Оставались только мы, свободные от семей девицы, сидевшие вокруг Флер Ли наподобие церковных попечителей, собравшихся на заседание совета. Мы слушали ее голос, примечая, что с каждым новым стаканом он как бы крепнет, а прибой идей бурно поднимается. Что делать? Как помочь тому, чтоб женщины жаждали раздобыть наш журнал, чтоб он удовлетворял их многогранные желания и сердечные грезы? Что делать? Тираж «Ярмарки» не имел никакого отношения к статьям, связанным с культурой, музыкой, искусством (это были все непримиримые враги Флер Ли), тираж зависел только от насыщения тех неутолимых женских желаний, которыми занимаются подобные издания. Мода, чувственность, веселые путешествия, пирушки — вот что требовалось для нашей обоймы. Говорить о чем-то другом считалось у нас нелепым, и думы о том, что же делать, могли затянуться до поздней ночи. Читателя богатого и ничем не занятого не так уж легко заставить читать.

Под конец одного из таких совещаний, во время которого Флер Ли слезно молила нас разыскать простую, доступную идею, она ей вдруг самой пришла на ум. Несомненно, она обладала глубоким пониманием человеческих искушений.

— У них все есть! — вскричала Флер Ли. — Они могут оплатить самые разорительные путешествия вокруг света. Они могут сами нанимать пароходы, покупать острова… Так предложите нм просто поберечь деньги! Им самим такая идея никогда не придет в голову.

На следующей неделе «Ярмарка» внушала своим читательницам: «Путешествуйте, оставаясь в Нью-Йорке». Таков был заголовок над новой серией статей, в которых рекомендовались «испробованные, изученные и апробированные» журналом рестораны исключительно иностранного происхождения. Мне и Бэбс поручили заняться этим. Бэбс взяла на себя деловую часть, а мне надлежало дополнять статьи экзотической ноткой.

* * *

Горькая тайна вновь возвращающихся воспоминаний. Откуда начнется их натиск — предвидеть немыслимо.

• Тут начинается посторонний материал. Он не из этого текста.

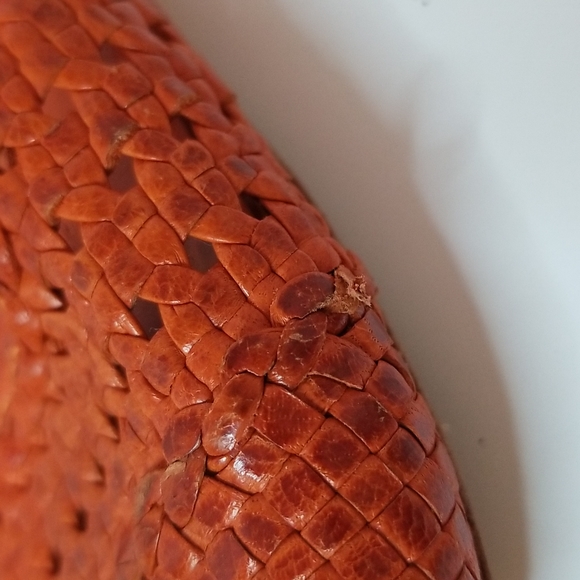 Audrey Brooke Vero Cuoiro Orange Flats - Picture 6 of 8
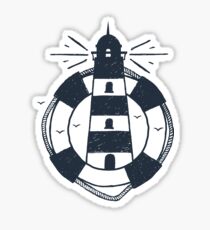 Lighthouse. Nautical Sticker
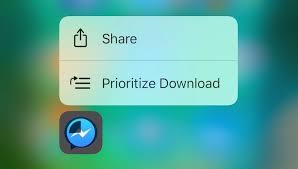 New 3d Touch Action In Ios 10 Lets You Prioritize App Downloads Download App Ios 10 Application Download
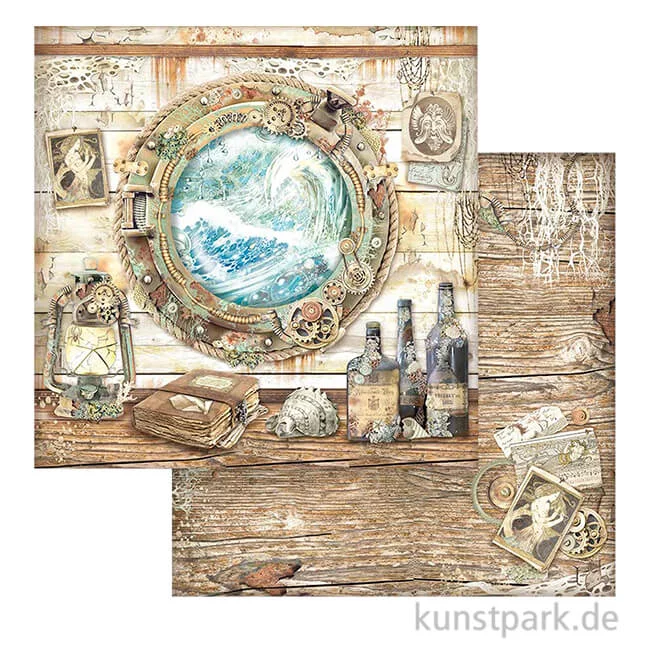 Artikelbild 1 des Artikels “Stamperia Scrappapier - Songs of the Sea Portholes, 30,5 x 30,5 cm “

Мою живую рану бередит голос девушки, сказавшей:

— А со мной никогда ничего не случается…

Мы были в кафе — это время завтрака. Я вскочила, оставила на стойке два доллара и направилась к двери.

— Что с вами такое? — спросила нетерпеливо девушка. — Я и не думала, вас чем-нибудь обидеть.

— Вы не обидели меня.

— Тогда в чем дело? Как странно вы себя ведете.

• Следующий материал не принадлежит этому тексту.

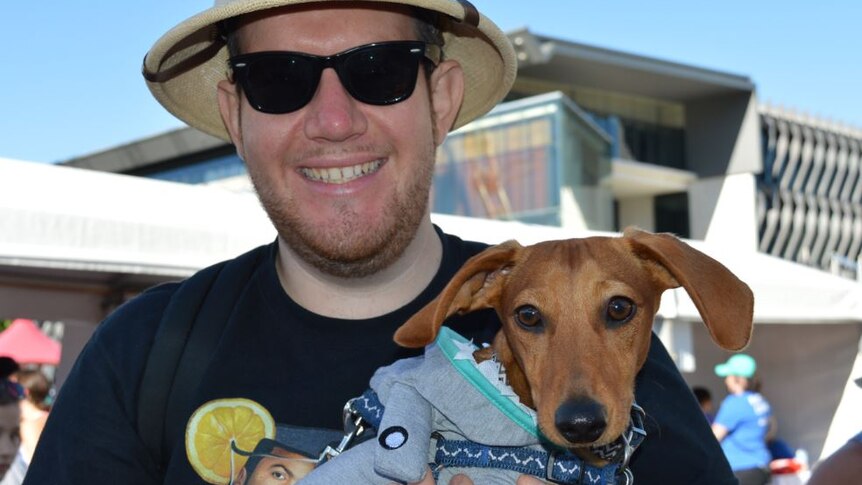 Monte Von Backling brings sausage dog fashion to Million Paws Walk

Я вышла, пытаясь вспомнить далекий исчезнувший голос. Он то близился, то пропадал, и я все еще стояла на краю тротуара в состоянии полного изнеможения.

— А ведь со мной никогда ничего не случается, мадам Мери.

Антонио, двадцатилетний Антонио, он опять передо мной, и ничего больше уже не существует.

— Ничего, — повторил он, — абсолютно ничего не случается.

А вдали море, такое спокойное утро, медленно движется облачко.

Моя бабушка восседает в тени большого пляжного зонтика, я у ее ног, а юноша лежит на песке лицом к солнечным лучам.

— Никогда, ничего… Уверяю вас.

Антонио переворачивается на живот, и его влажная спина блестит. Бабушка смеется грудным смехом и шепчет:

— Все шутишь…

Так, наверное, смеялась Цирцея над путниками в глубине своего грота; вместо ответа на вопросы — смех, ворчливый, опасный, таинственный.

А упрямый, нетерпеливый мальчик, жалевший, что ему всего лишь двадцать лет, повторял:

— Ну ничего, мадам Мери. Вот поверьте.